Hostelería de España calcula que el pasado verano se podrían haber creado entre 30.000 y 50.000 empleos más en el sector “si no tuviesen estas complicaciones para encontrar mano de obra adecuada”.
Las “complicaciones”, no nos engañemos, residen en su mayor parte en que ya nadie quiere trabajar “a media jornada”; y el modelo de muchos negocios se basaba, precisamente, en que todo el mundo trabajara más de la cuenta compensando, solo parcialmente, el trabajo extra con dinero negro.
¿Estamos condenados a tener bares de mierda?
A la vista está que el modelo del “bar de viejos” no puede, ni debe, existir en el siglo XXI. Si sobrevive, parcialmente, es gracias a colectivos de inmigrantes que sí están dispuestos a echar el porrón de horas que los españoles ya no están dispuestos a trabajar. Pero esto ni parece justo, ni durará mucho tiempo.
¿Nos condena la desaparición de la tasca de viejos a sufrir bares clónicos con tapas de mierda? En parte parece que es así. Gracias a una gran capacidad financiera y una economía de escala son las grandes cadenas de restauración las más capaces de abrir establecimientos que funcionan con empleados para los que se cumple, al menos, el convenio.
Pero no todo está perdido. Aunque las reconversiones son duras, en España amamos los bares y, poco a poco, se irán estableciendo modelos alternativos. Son muchas las nuevas tabernas, lideradas por gente joven, que tratan de recuperar el espíritu del “bar de viejos”, pero sin todo lo que ya nadie está dispuesto a aceptar. Y esto pasa, necesariamente, por horarios limitados –se acabó para siempre el estar abiertos de desayunos a cenas–, precios más elevados y una oferta más restringida.
La especialización de los bares será cada vez mayor. Un modelo del pasado siglo, que podría resucitar, es el de la bodega sin cocina, que abría solo antes de comidas y cenas.
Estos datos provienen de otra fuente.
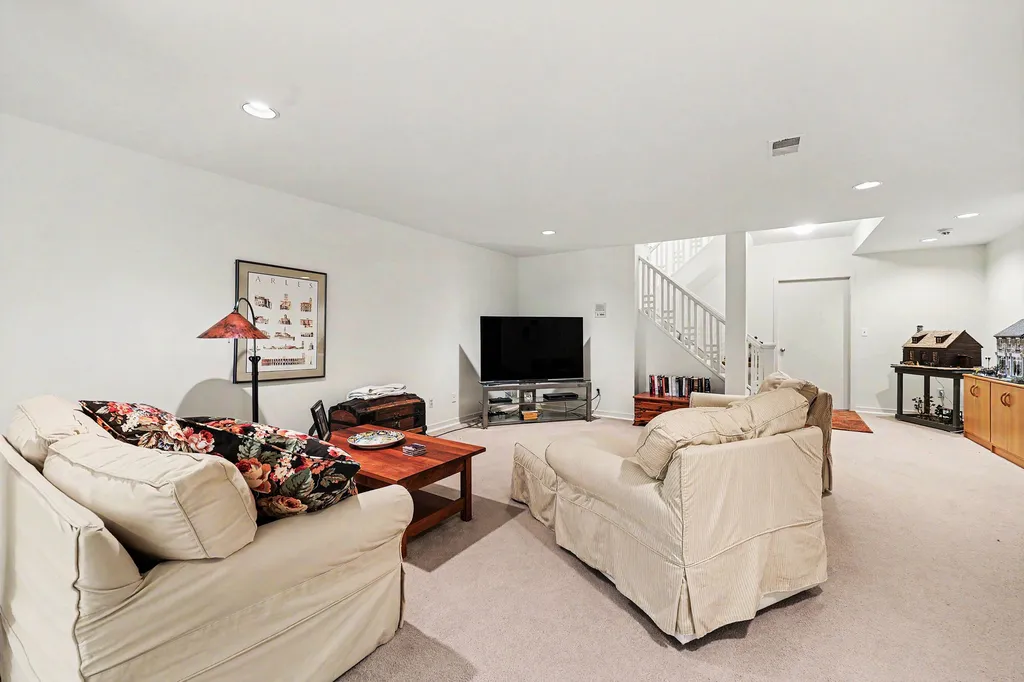 685 Green Road Ann Arbor City MI 48105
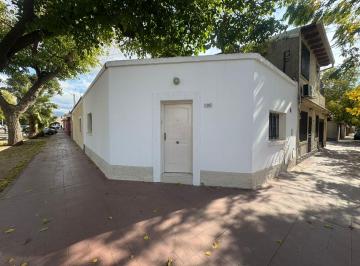 Departamento de 4 ambientes, Godoy Cruz · Acogedor Departamento Tipo Casita - 1 Dorm 1 Baño Pequeño Patio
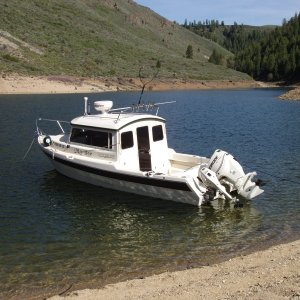 Our 1st outing on My Lee-May 2009
Anderson Ranch Reservoir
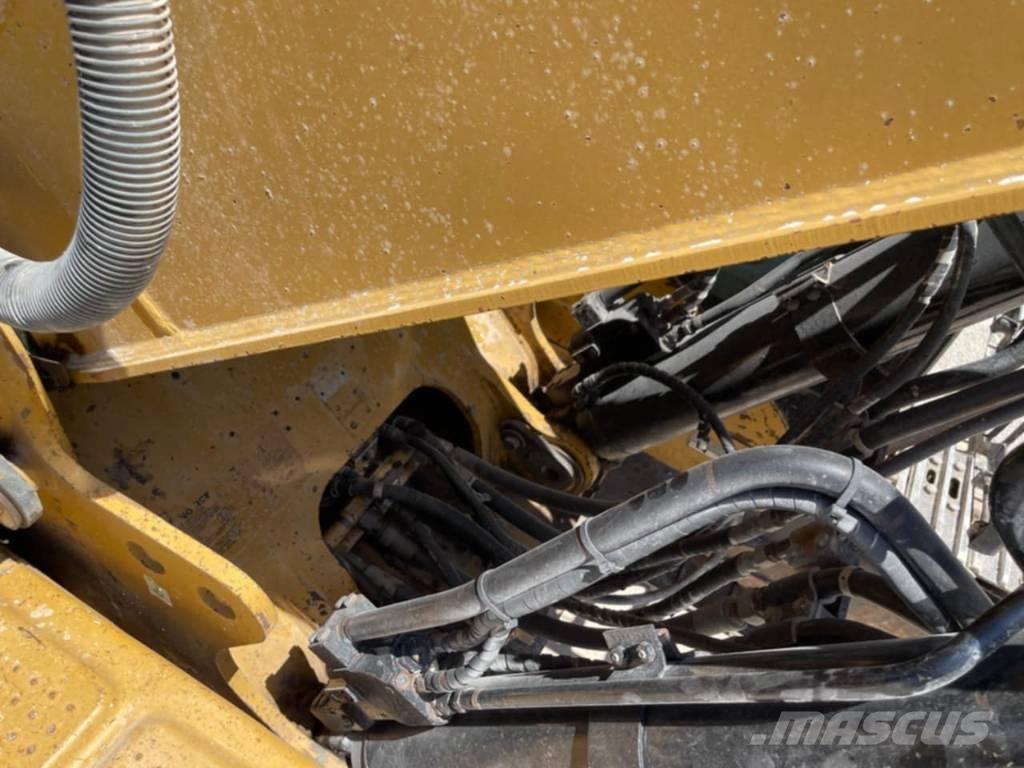 CAT 330 D LN Koparki gąsienicowe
También sobrevivirán los bares de pinchos con cocinas muy pequeñas y especializadas, como ocurre en Logroño o Zaragoza, en solo uno o dos bocados. Así aguantan algunos de los bares más antiguos de nuestras ciudades, que podrían seguir funcionando.
En el momento en que haya carta de raciones, muchos bares devendrán en restaurantes, con horarios más centrados en comidas o cenas y menús del día bastante más caros. Los desayunos quedarán reservados a las cafeterías de horario diurno.
El bar de viejos que conocíamos ha muerto. Pero sus trabajadores van por fin a vivir.